Boyer called this model the "new American college," melding the historic mission and character of liberal arts colleges and land grant universities to serve the needs of a changing global society. The priorities of the new American college, as he put it, are clarifying the curriculum, connecting to the world beyond the classroom, and creating a campus community.
Those principles are put into practice in many ways at Ithaca College. To cite just a few examples:
The Center for Faculty Excellence supports our faculty members as complete teachers and scholars through such projects and initiatives as a mentoring program, colloquium series, summer institute, and a variety of workshops. In the last few years faculty in all departments in all the schools, as well as administrators, have been taking a close look at their curricula, adapting and refining where necessary.
The annual James J. Whalen Academic Symposium spotlights the scores of student-faculty research collaborations that take place in the schools and Division of Interdisciplinary and International Studies. As a result of these collaborations our undergraduates often coauthor papers and present their re search at major professional conferences.
Community service is part of Ithaca's culture. The Center for Student Leadership and Involvement helps foster a lifelong commitment to civic responsibility, strengthens College-community relations, and provides educational and leadership opportunities through programs like Community Plunge and Make-a-Difference Day. Classes in all academic areas feature service components, and a campuswide Celebration of Service is held every spring.
The Park Scholar and Martin Luther King Jr. Scholar Programs are competitive, merit-based scholarships that require prior involvement in community service to be considered, as well as ongoing service to maintain the award. The scholars have started a campus branch of the American Red Cross and an adopt-a-highway program, traveled to Brazil and Ghana to study social justice issues, followed the trail of the U.S. civil rights movement (see page 7), and participated in "alternative" spring break trips to work on home construction projects.
Ithaca College has established relationships with schools near and far -- from South Hill Elementary in Ithaca to the Frederick Douglass Academy in Harlem -- and our community members have created such highly regarded initiatives as the Partnership in Teaching program, Project Look Sharp, and COMPASS (Curricular Options in Mathematics Programs for All Secondary Students) to share with others the knowledge and expertise embodied in our faculty, staff, and students.
Through our involvement with ANAC, Ithaca takes part in projects and conferences, surveys and data benchmarking, and international study programs.

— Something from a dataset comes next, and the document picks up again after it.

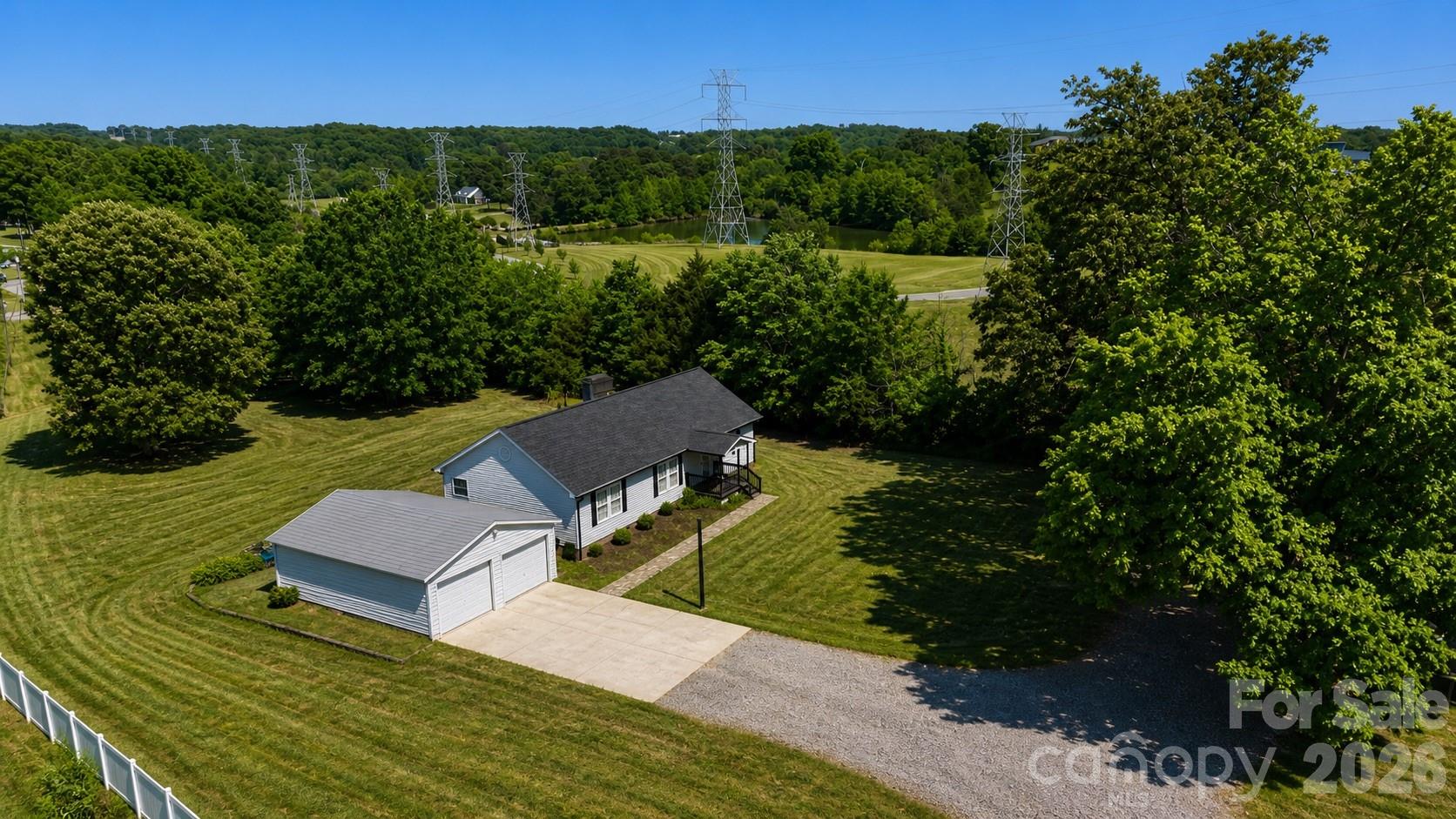 205 Moss Drive Concord NC 28027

Faculty members and administrators have taken advantage of opportunities to meet with and learn from colleagues at like-minded institutions. ANAC also serves the wider higher education community by supporting a national dialogue on educational issues and cooperative projects, while giving members a platform for serving as laboratories for education innovation.
The Atlantic article, by Richard M. Free-land, president of Northeastern University and of the World Association for Cooperative Education, lauds ANAC's members -- Ithaca College included -- for helping to organize and articulate the relationship between liberal education and professional education. Freeland concludes, "It is time for the nation's educators to embrace this latent movement and to recognize an important educational idea that can transform and enrich the college experience."
I couldn't agree more. I am proud that Ithaca College is among the leaders in this movement and hope you share that pride.